Price and Value: Is About $59 a Good Deal?
At $59.13 per person, you’re paying for a full-day bundle: coach transportation, a professional guide, and radios/earphones that help you keep hearing the commentary while walking. You’re also getting a guided introduction to major sights in both cities, so you’re not piecing together your own route from scratch.
Lunch is not included, and the canal tour is extra—so yes, your total cost can rise once you add meals and optional activities. But even with that, the value tends to be strong if you’re staying in Brussels and you want maximum sightseeing density.
For me, the biggest value signal is the radios/earphones. That’s the difference between a guided day you can enjoy and a guided day where you’re stuck trying to hear through crowds. If you like your own pace—photos, side streets, and quick breaks—this setup supports that.
Who This Trip Suits Best
This tour is ideal if you:
- Want a fast, guided intro to Ghent and Bruges without train logistics
- Like a mix of guided stops plus time to roam on your own
- Appreciate having earphones so you can step out of the pack for a minute
It’s less ideal if you:
- Need lots of uninterrupted free time for browsing shops (the schedule is tight)
- Hate language switching and repetition when groups are mixed
- Have difficulty walking long stretches on cobblestones (the tour notes it’s not recommended for people who have trouble walking)
If you’re traveling with kids, a stroller can work better than you’d expect on a coach day, but old street surfaces can still be challenging. You’ll want to judge based on your child’s tolerance for uneven ground and frequent stop-start moments.
Should You Book This Bruges and Ghent Day Trip?
If your goal is one high-value day that covers both UNESCO centers—without you planning routes—this is a solid pick. The day’s structure is efficient, the coach is comfortable, and the radios help you actually enjoy walking instead of just surviving it.

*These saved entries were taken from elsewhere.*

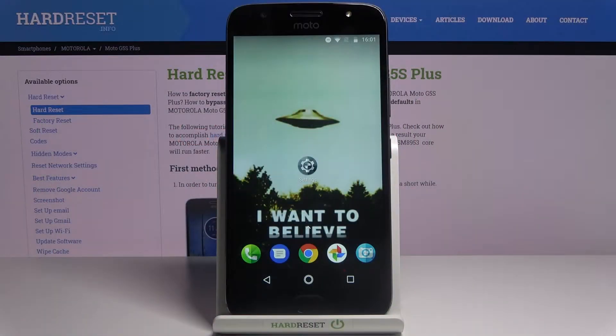Here I have Motorola Moto G5S Plus and today I'm going to show you how to enable the Google backup feature on this device.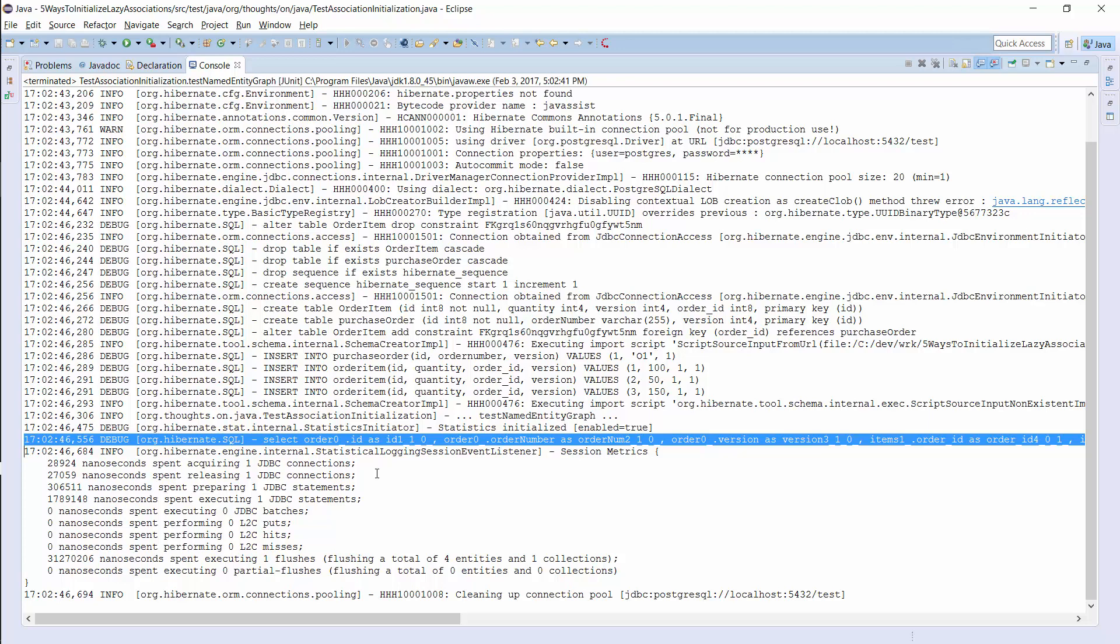This is basically an improved version of the first approach. The only disadvantage is, that you need to annotate a named entity graph for each combination of associations that Hibernate shall retrieve within one query.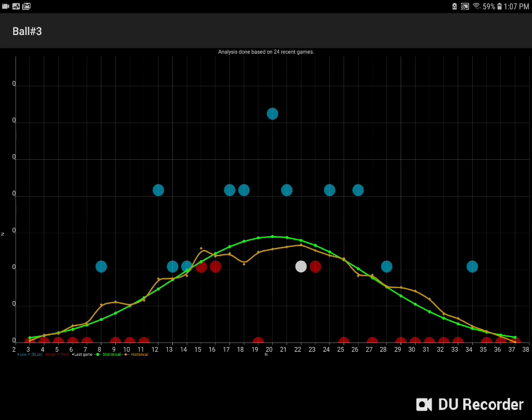For example, here in the third column, we see that the red numbers have come up less frequently in recent draws than historical data would suggest, and the blue numbers have come up more frequently than historical data would suggest.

Book it if you’re comfortable with a long schedule, you’re okay with lunch being on your own, and you’ll treat sightseeing as a “see the highlights” mission. Skip it—or at least reconsider—if you need guaranteed, lengthy independent time in each city, or if language switching would wear you down.

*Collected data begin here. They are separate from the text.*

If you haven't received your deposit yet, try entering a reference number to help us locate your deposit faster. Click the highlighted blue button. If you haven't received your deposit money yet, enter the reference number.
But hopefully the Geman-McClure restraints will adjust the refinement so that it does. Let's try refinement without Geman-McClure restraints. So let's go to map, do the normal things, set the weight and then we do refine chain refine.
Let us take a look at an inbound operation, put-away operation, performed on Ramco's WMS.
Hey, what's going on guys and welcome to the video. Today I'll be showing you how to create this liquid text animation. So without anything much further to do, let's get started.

Bottom line: for a first-time Belgium hit from Brussels, this tour gives you two iconic cities in one smooth, guided package.
FAQ
What time does the tour start?
The start time is 9:00 am.
How long is the Bruges and Ghent day trip?

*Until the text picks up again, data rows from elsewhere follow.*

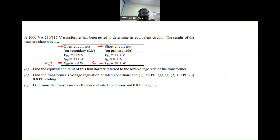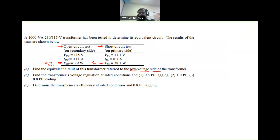We are asked to find the equivalent circuit of this transformer referred to the low voltage side or the secondary. We will then find the voltage regulation at power factor 0.8 lagging, unity power factor, and 0.8 power factor leading, and finally the efficiency at 0.8 power factor lagging.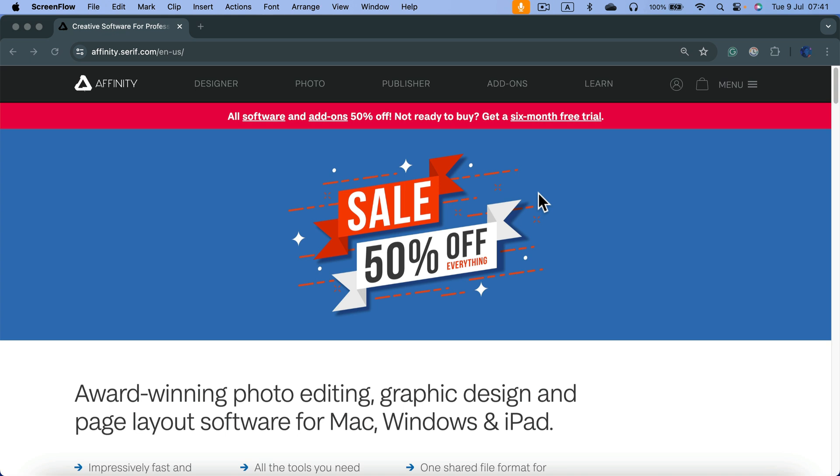You can use it for half a year. This is the second time Affinity has done an extended trial. During the COVID pandemic, they offered a three-month free trial for 90 days. Now they've doubled that.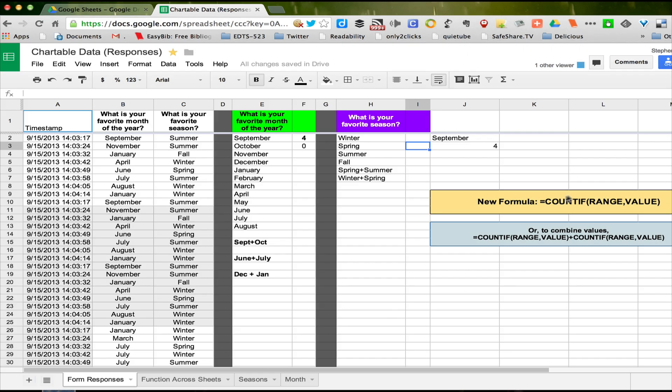In the last video, we saw how to use the COUNTIF formula to calculate how many times a certain bit of data occurs in a list. It could be textual data — in this case we looked at months of the year and the seasons. It could be numerical data, like how many times does two appear. It could be time data, it could be date data — it doesn't matter what that is, it's how many times does something appear.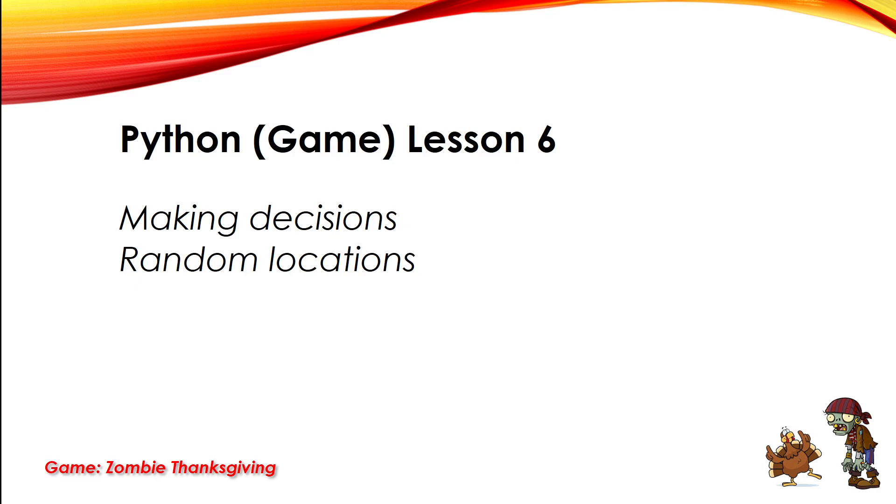Welcome to Making Video Games with Python Lesson 6. In this video, we're going to introduce how to add decisions to our games to check if the zombie has eaten the turkey or if the crosshairs have marked the zombie. In both situations, neither character is going to want to sit there and take it, so we're going to move them to random locations. Let's get to it.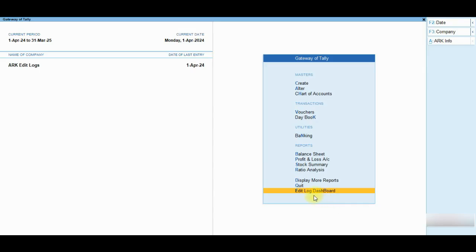Please like this video and subscribe to our channel for getting notifications of future updates. In this video, I am going to show you about TallyPrime add-on for Edit Log Dashboard and Report.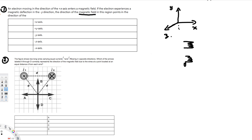If you curl your fingers, you get the positive z-axis. The curling direction gives the magnetic field direction, which is positive z-axis. But here they say this is an electron, which has negative charge, so the answer is in the opposite direction. Since we got positive z-axis, the answer is negative z-axis because of the charge of the electron. So the answer for this question is negative z-axis.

The duration is about 10 hours 30 minutes.
Is lunch included?
Lunch is not included.
Where does the tour start and end?
It starts at Bd de Berlaimont 18, 1000 Bruxelles, Belgium, and ends at Brussel-Centraal, Carr de l’Europe, 1000 Bruxelles, Belgium.
What time is lunch, and is it fixed?
Lunch is usually between 12:00 pm and 2:00 pm, but the timing can change.
Will the guide wait if I’m late?
They can wait for 5 minutes if you let them know in advance about your delay by calling +32 2 513 77 44.
Can I book the canal tour in advance?
No. The canal tour in Bruges can only be booked with your guide on the day of your trip.
Can I change my excursion date?
Yes, you can change your trip to another date depending on availability.
Do you cancel tours if it rains?
No. Tours are only cancelled in extreme weather such as heavy storms or floods.